Both the Senate and the plebs urbana were threatened by Sulpicius’s proposal. Old noble patrons, working merchants, and common artisans alike could see the Roman voice in government was about to be diminished and wanted the Italians kept separate, “so that they might not, by being mingled with the old citizens, vote them down in the elections by force of numbers.” Having surrendered the issue of citizenship, the Romans built a new line at suffrage. Sulpicius’s proposal led to clashes in the streets between angry plebs urbana and the Anti-Senate.24

With these riots breaking out, Sulla was at his camp at Nola. As soon as he heard the news, he hurried back to Rome.
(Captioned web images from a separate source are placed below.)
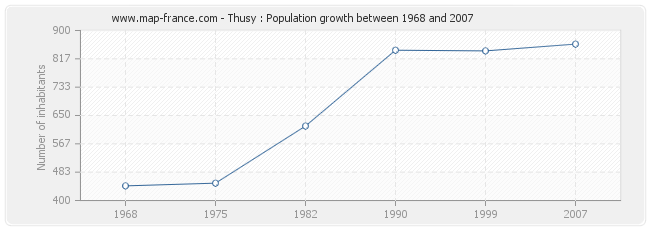 Population Thusy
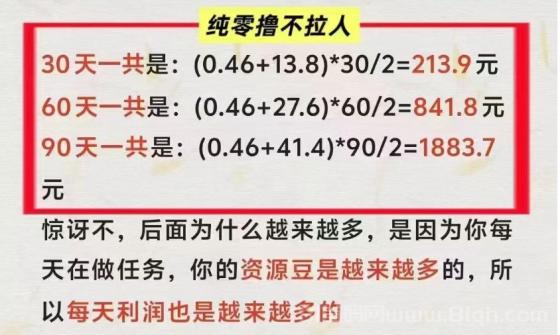 源点零撸项目 现价10.62元 每天点两下轻松赚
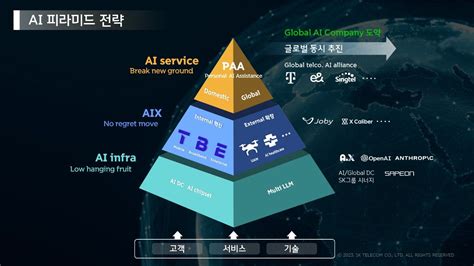 Sk Telecom Targets Global Ai Market With Ai Pyramid Strategy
When he reached the Forum, Sulla and his colleague Pompeius staged a dramatic intervention. Tribunician vetoes not being what they once were, they decided to see how Sulpicius liked a taste of full consular authority. Standing on the rostra of the Temple of Castor and Pollux, Sulla and Pompeius used their religious authority to declare a feriae, a holiday that triggered the cessation of all public business. Sulpicius did not care for this taste of this consular authority, but instead of meekly submitting, his Anti-Senate pulled out hidden weapons. With the crowds hostile and the threats getting specific, Sulla and Pompeius retreated from the rostra. The consuls got away but Pompeius’s son was not so lucky. An outspoken defender of his father, the younger Pompeius went too far, and Sulpicius’s gang killed him on the spot.25

Sulla found the closest safe haven near at hand: Marius’s house at the foot of the Palatine Hill. What was said between the two men is unknown, but Marius must have told Sulla the only way he was getting out of this alive was to rescind the feriae and allow the vote on Sulpicius’s laws to proceed. Left with no other choice, Sulla agreed. It would be the last time they were in the same room together.26

Emerging from his consultation with Marius, Sulla remounted the rostra and withdrew the holiday decree, allowing public business to return to normal. Then he departed the Forum. Cleared of these distractions, Sulpicius convened the Assembly and carried his bills on Italian suffrage. Then he tossed in the surprise kicker, something no one was expecting. He convinced the Assembly to withdraw Sulla’s appointment to the eastern command and transfer it to Marius. Already on his way back to the army, Sulla had no idea he had just lost his job.27

THE SIX LEGIONS Sulla led during the Social War were still camped outside Nola. This army had been fighting under Sulla for a year, and he had earned their devoted loyalty. Sulla always had an easygoing rapport with common soldiers. Though he had the unmistakable air of an arrogant aristocrat, he never shirked his duty or let his men down. And now that he had been elected consul, he was about to lead them east to pacify some wayward king on the far side of the Aegean. Fighting a civil war in your own backyard is neither fun nor profitable, but conquering a rich eastern kingdom sounded mighty fine indeed. So as the soldiers sat around Nola waiting for Sulla to come back, they dreamed of the campaign to come.28

When Sulla returned a few days later he likely did not ride with his usual resplendent vigor. He was still consul, and still slated to run the eastern war, but he had been embarrassed in the head-to-head confrontation with Sulpicius and Marius. He had been forced by violence to humiliate himself and withdraw his own decree. Sulla’s agitation turned to fury when a messenger arrived bearing the incredible news: The Assembly had stripped Sulla of the eastern command. Gaius Marius would now lead the expedition.29

The shock of the revelation cannot be understated. Old Marius’s pathetic pursuit of the command was well known. His calisthenics out on the Campus Martius were a joke, not a prelude to getting the job. Especially not after Sulla had won the consulship and drawn the Mithridatic command. But after years of enduring Sulla’s arrogant vanity, Marius was finally ready to get his revenge. His plan was to bury Sulla under a wave of humiliations from which Sulla could not recover. Following either the letter of the law or the unwritten codes of mos maiorum would be the end of Sulla; if he wanted to survive he was going to have to break both.